• Task goal: In the entries below, find the line containing "763 grafton st Manteca, CA 95337" and the line containing "Vancouver - Warehouse/Distribution". Copy those two lines and everything between them exactly, without the pictures.

• Information shown:
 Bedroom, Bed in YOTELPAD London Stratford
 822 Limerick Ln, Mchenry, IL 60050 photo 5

--

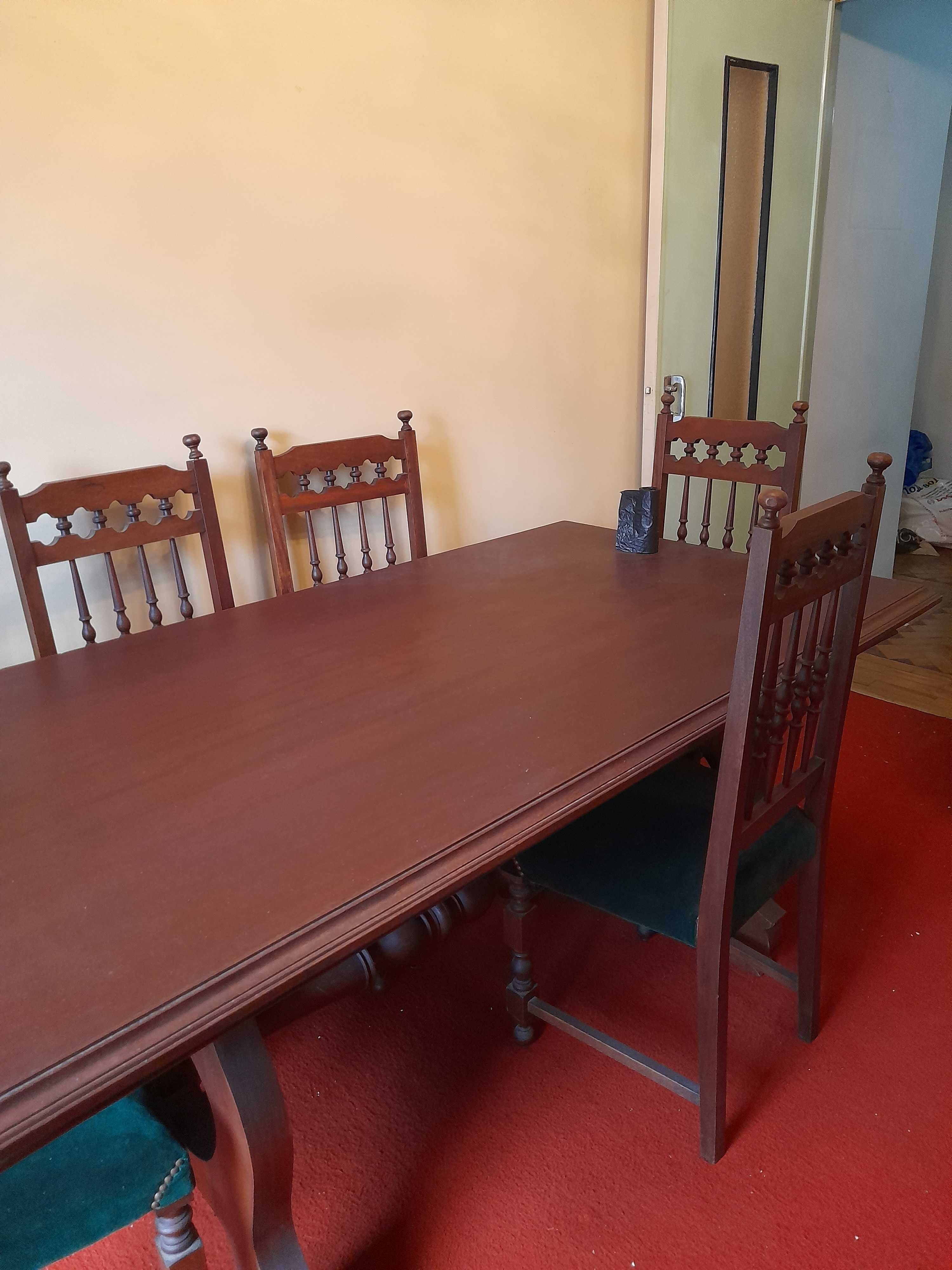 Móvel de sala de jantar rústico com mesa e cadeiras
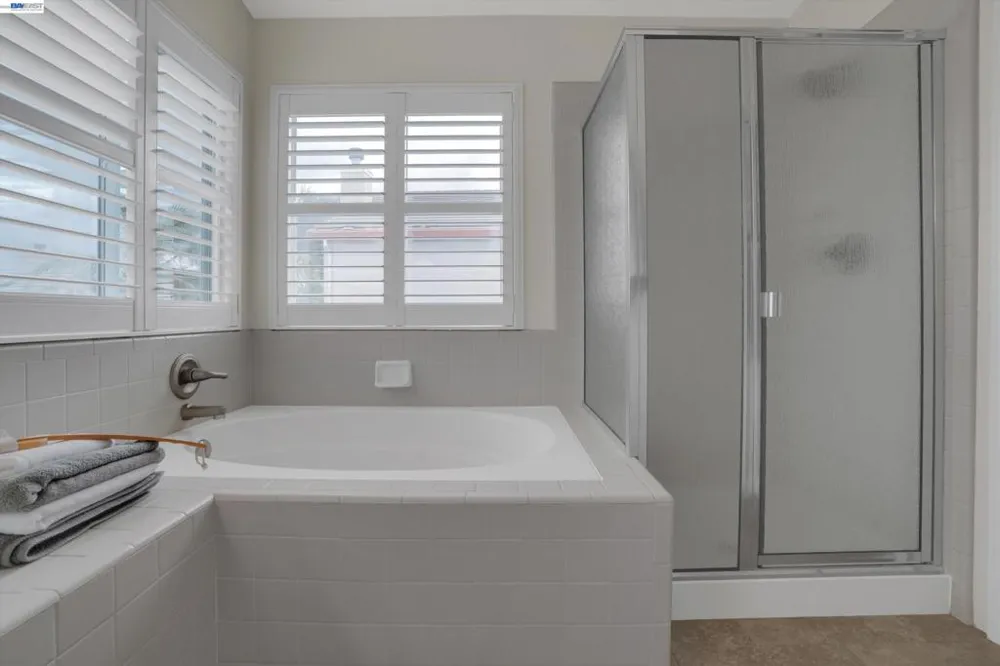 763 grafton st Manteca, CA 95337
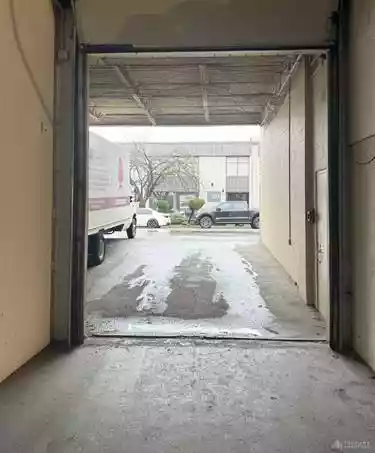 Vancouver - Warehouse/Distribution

• Response:
 763 grafton st Manteca, CA 95337
 Vancouver - Warehouse/Distribution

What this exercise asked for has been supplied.